In short, shoddy journalism by Stanford U!
"In brief
- A new study uncovers frequent benchmark flaws that lead to inaccurate model comparisons.
- The authors advocate for more rigorous and actively maintained benchmarks to ensure reliable evaluations.
- Their work seeks to strengthen fairness and trust in AI systems worldwide.
...
The researchers playfully [???] refer to these flaws as “fantastic bugs” – an allusion to the “fantastic beasts” of cinema – but the consequences are producing something of a crisis [???] of reliability in AI. ..."
From the abstract:
"Benchmarks are pivotal in driving AI progress, and invalid benchmark questions frequently undermine their reliability. Manually identifying and correcting errors among thousands of benchmark questions is not only infeasible but also a critical bottleneck for reliable evaluation.
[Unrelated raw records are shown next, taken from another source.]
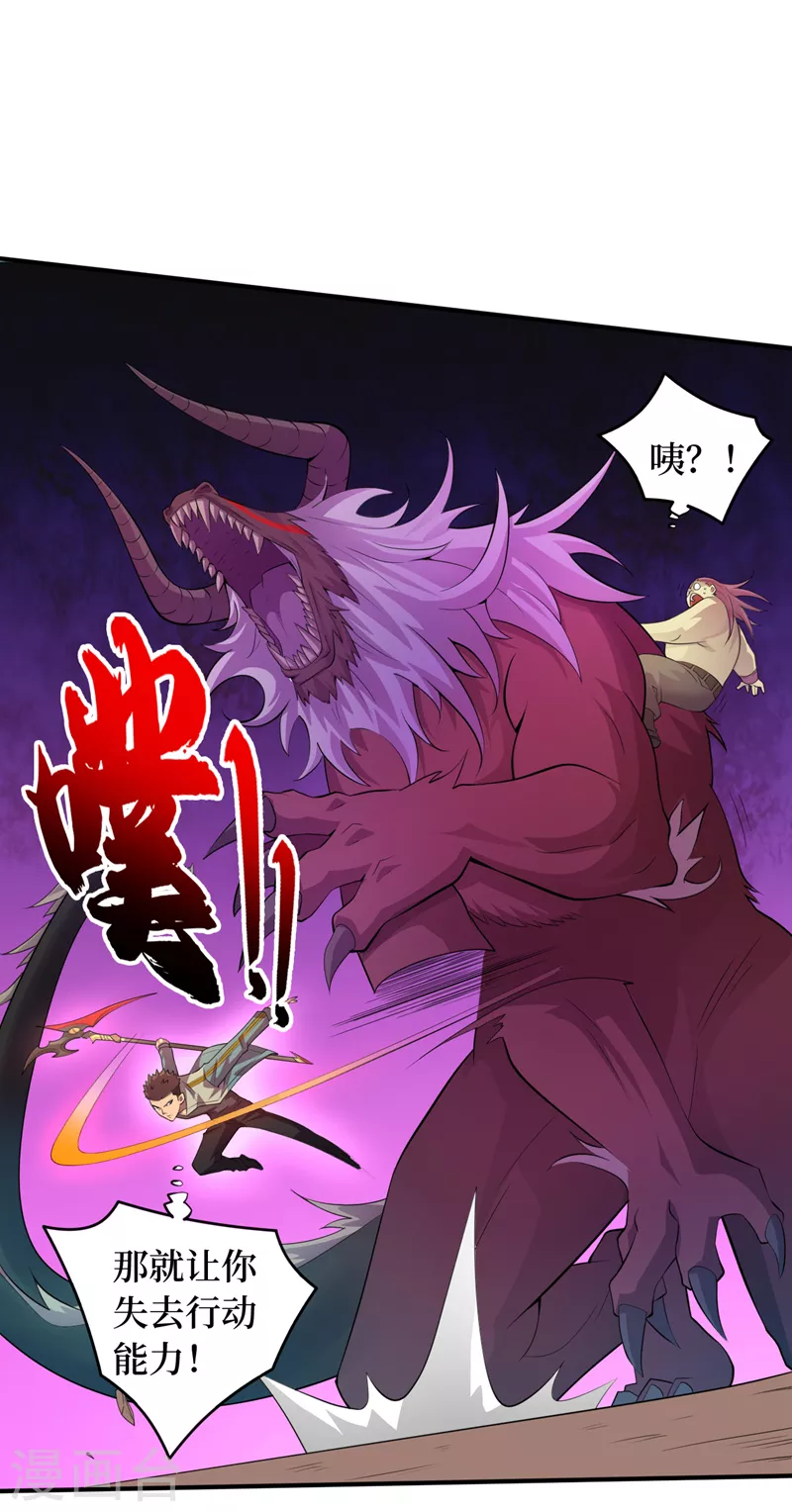 第184话 小铁鸟，大作用！ 第29页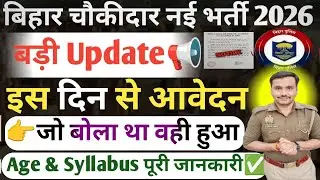 Bihar Chaukidar New Vacancy 2026| Bihar Chaukidar Nai Bharti Form Apply Date| Bihar Chaukidar Bharti
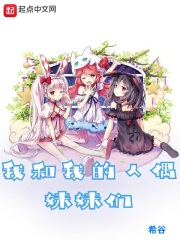 lol哨兵之殇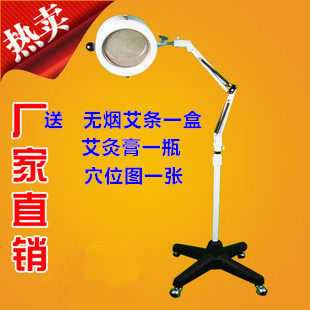 多功能立式艾灸仪器单头艾灸仪艾灸熏灯家庭式温灸架养生馆专用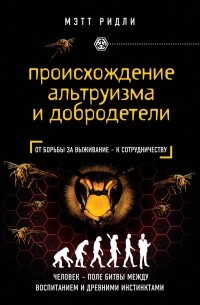 Мэтт Ридли - Происхождение альтруизма и добродетели. От инстинктов к сотрудничеству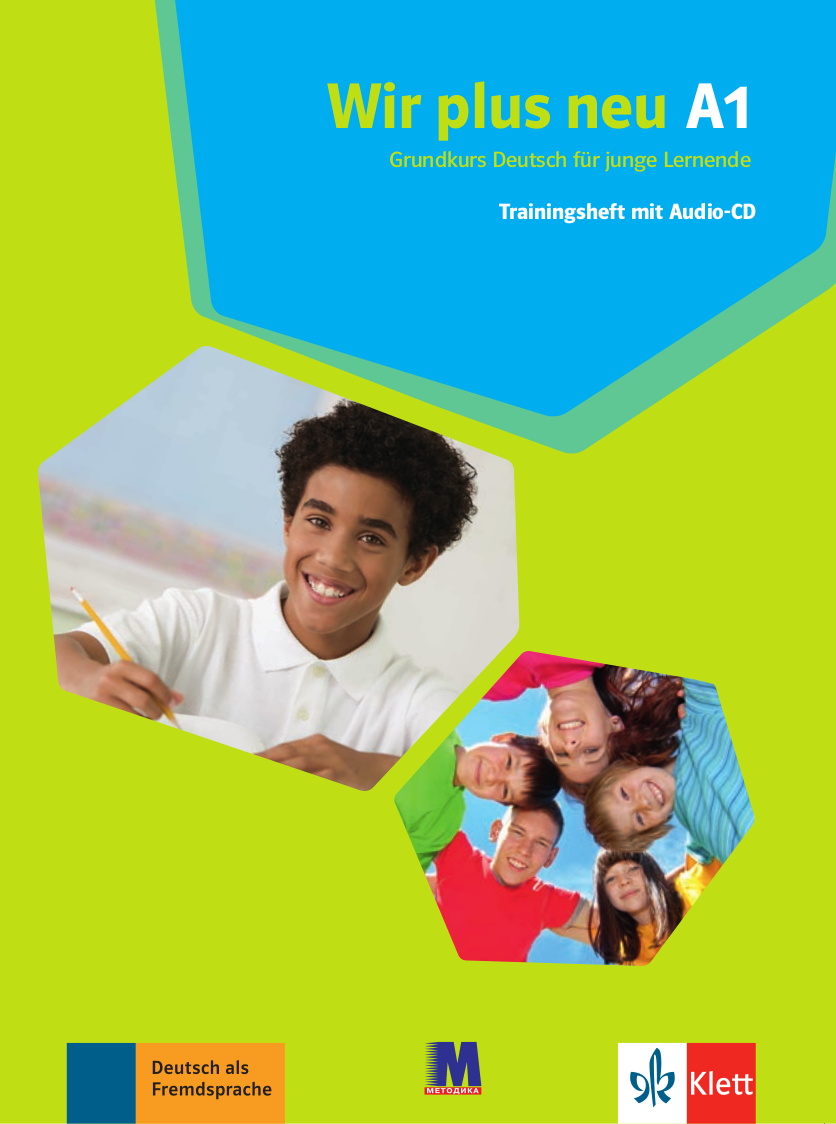 Wir plus neu A1. Trainingsheft mit Audios online. Мотта...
In this work, we introduce a framework for systematic benchmark revision that leverages statistical analysis of response patterns to flag potentially invalid questions for further expert review. Our approach builds on a core assumption commonly used in AI evaluations that the mean score sufficiently summarizes model performance. This implies a unidimensional latent construct underlying the measurement experiment, yielding expected ranges for various statistics for each item. When empirically estimated values for these statistics fall outside the expected range for an item, the item is more likely to be problematic.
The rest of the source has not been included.